Source data:
━━━━━━━━

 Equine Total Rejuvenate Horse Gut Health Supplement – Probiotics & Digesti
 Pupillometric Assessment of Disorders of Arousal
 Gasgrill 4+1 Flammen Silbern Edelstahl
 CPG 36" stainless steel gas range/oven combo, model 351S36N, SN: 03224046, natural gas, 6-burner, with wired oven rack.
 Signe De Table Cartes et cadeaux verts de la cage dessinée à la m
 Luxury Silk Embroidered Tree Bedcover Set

━━━━━━━━

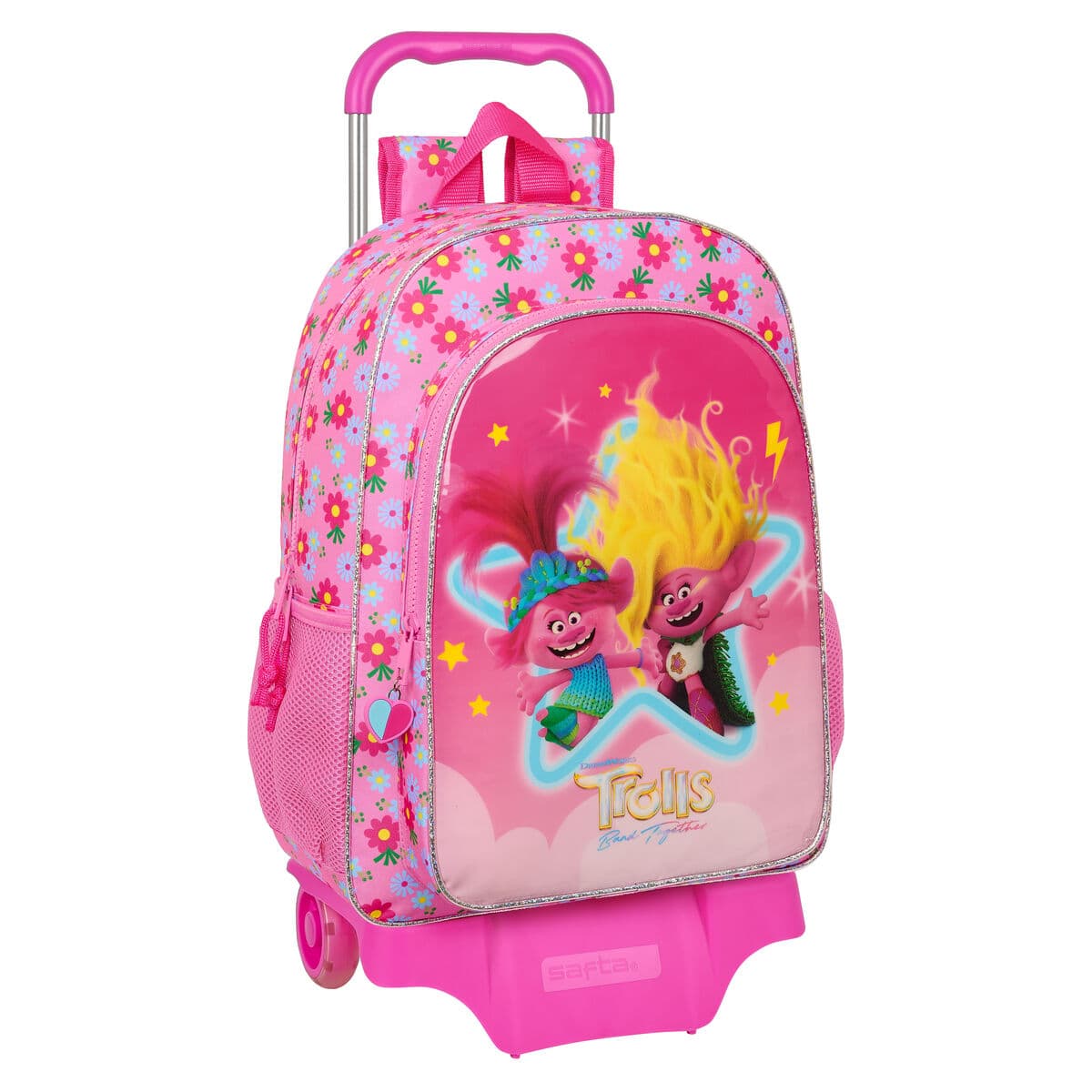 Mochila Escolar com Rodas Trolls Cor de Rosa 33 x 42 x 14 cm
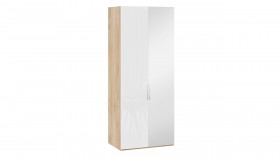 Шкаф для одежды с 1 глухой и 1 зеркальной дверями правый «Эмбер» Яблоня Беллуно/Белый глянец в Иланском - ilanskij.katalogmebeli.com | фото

━━━━━━━━

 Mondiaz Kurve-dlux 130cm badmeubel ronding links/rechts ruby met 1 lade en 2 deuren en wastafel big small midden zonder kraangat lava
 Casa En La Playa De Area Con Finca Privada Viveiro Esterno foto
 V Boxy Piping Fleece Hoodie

━━━━━━━━

Problem requirements: Write out exactly the lines that fall from the line with "wired oven rack." to the line with "Luxury Silk Embroidered Tree Bedcover Set" in the records above, keeping both ends.

Exercise response:
 CPG 36" stainless steel gas range/oven combo, model 351S36N, SN: 03224046, natural gas, 6-burner, with wired oven rack.
 Signe De Table Cartes et cadeaux verts de la cage dessinée à la m
 Luxury Silk Embroidered Tree Bedcover Set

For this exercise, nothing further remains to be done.